A familiarly queasy coming-of-age story, Fish Tank follows 15-year-old ruffian Mia (newcomer Katie Jarvis) as she navigates the environmental stumbling blocks of her ne'er-do-well, party-girl mother (Kierston Wareing), the substantial teen girl-boner she's developed for mom's sexy new boyfriend (Michael Fassbender), and—above all else, it seems—the seething anger and resentment that appears to color her every waking breath. But also, obvs, she's got this hella beautiful dream: to be Britain's greatest white B-girl. Then shit gets dark. Shit always gets dark.

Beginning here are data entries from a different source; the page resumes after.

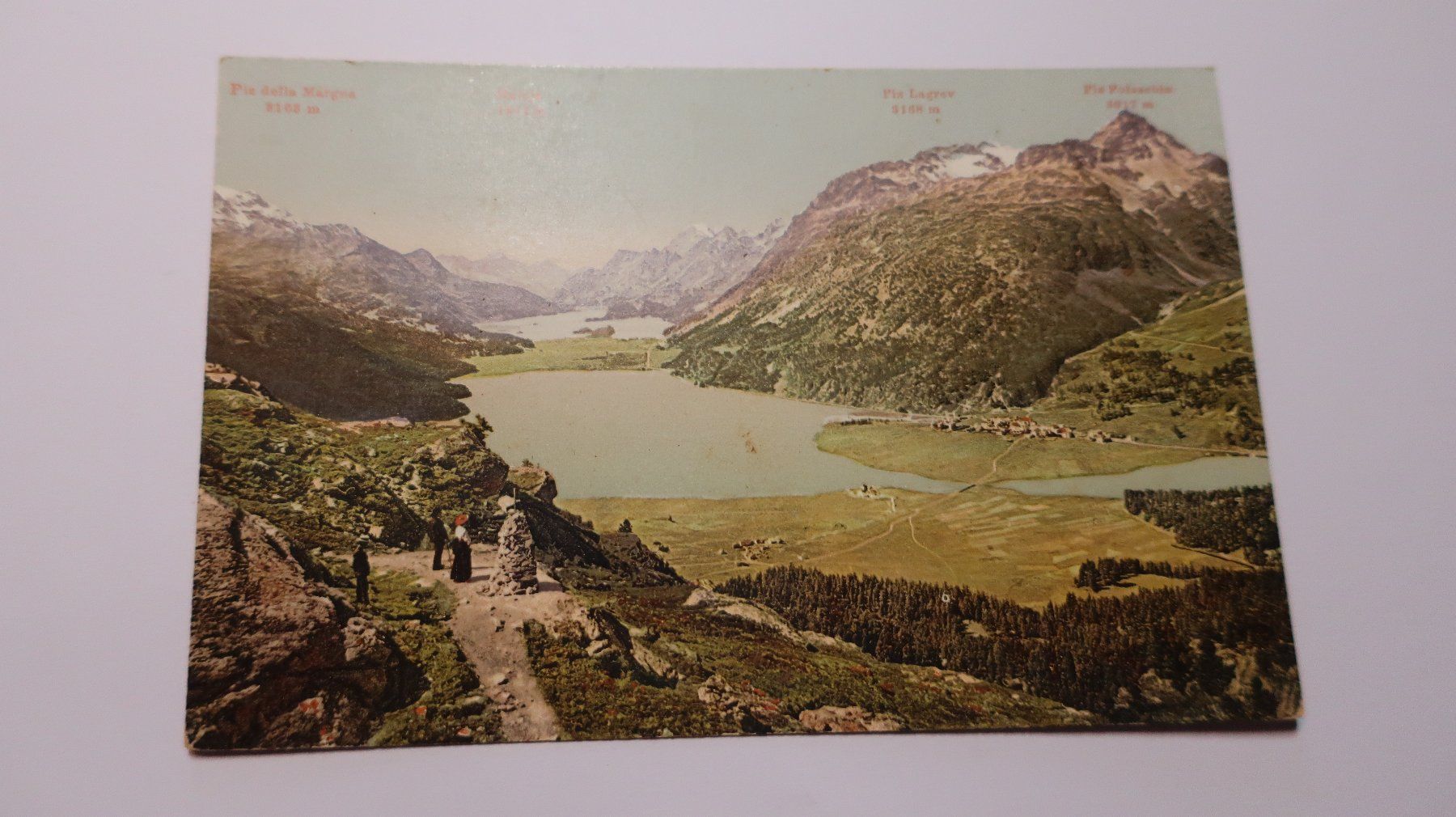 Cartes postales: Ober Engadin Blick vom Hanensee   Panorama – D'occasion à Cormoret par Pascalll2001 1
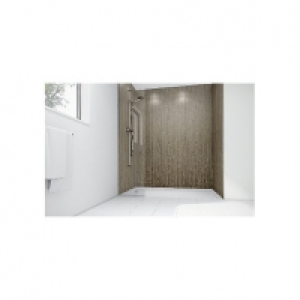 Wickes  Wickes Roman Stone Laminate 3 Sided Shower Panel Kit - 1200 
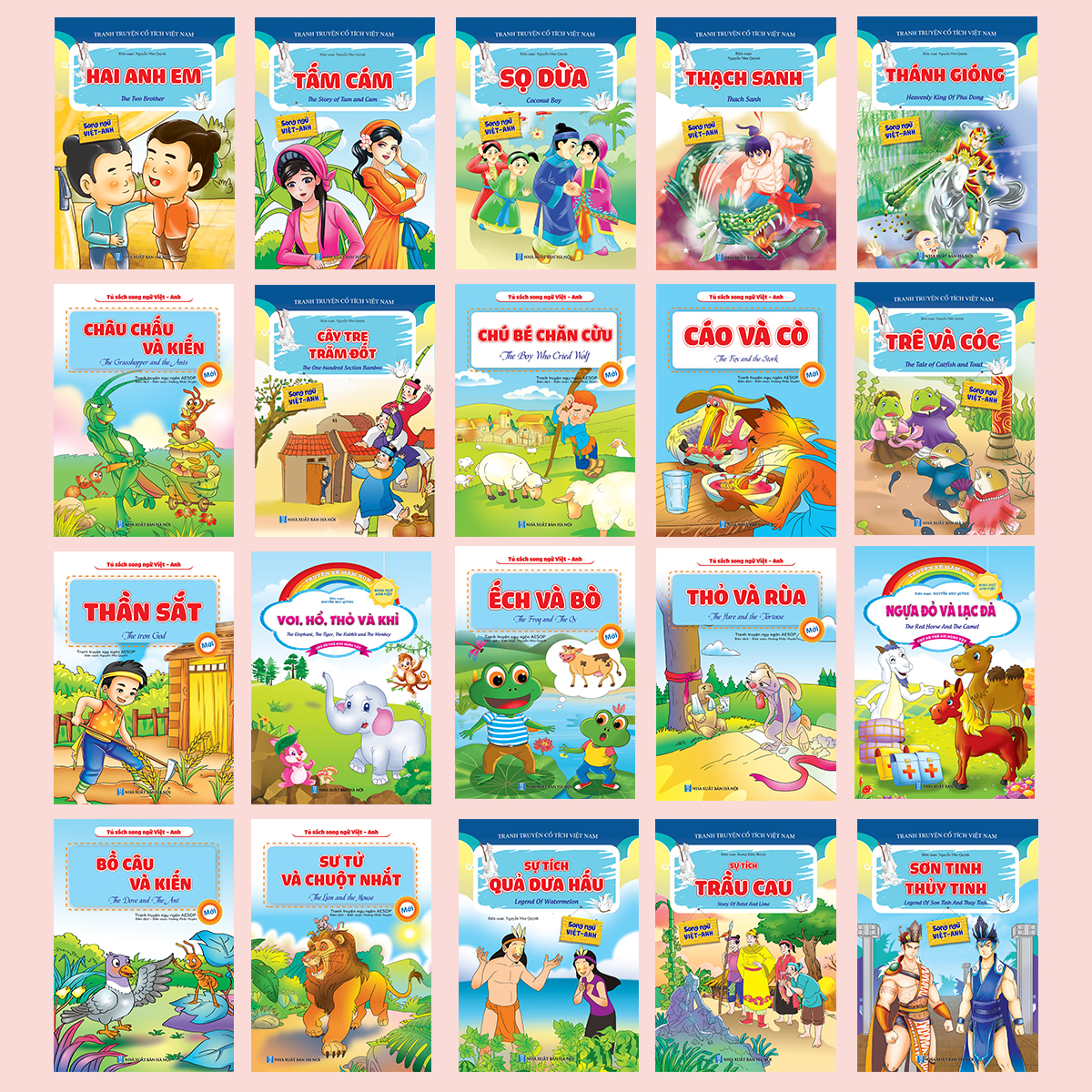 Full Combo 20 Cuốn Tranh Truyện Cổ tích - Truyện kể mầm non - Ngụ Ngôn Aesop Dành Cho Thiếu Nhi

As far as British social realism goes, Fish Tank has got quite a lot going for it: The film is beautifully shot and exceptionally acted, and deals with female adolescent sexuality in a subtle, refreshingly frank fashion. And though the film's struggle for uncompromising authenticity is an admirable one, it also turns out to be its greatest flaw. Its narrative is repetitive and predictable, it's curtained in a circuitous and unrelenting sense of dread, there's a constantly looming threat of physical violence, and it's overly long. In other words: just like real life. Realism is one thing, but god knows it's a chore to suffer through most of these misfortunes on a daily basis anyway. Arnold's lens may be unflinching, but it's not particularly insightful. And just as it seems as though the ominous third act might actually redeem the strains of predictability, Fish Tank concludes with an unfortunate you're-gonna-make-it-after-all coda. In spite of its many successes, Fish Tank ultimately falters over a tripwire it's laid for itself.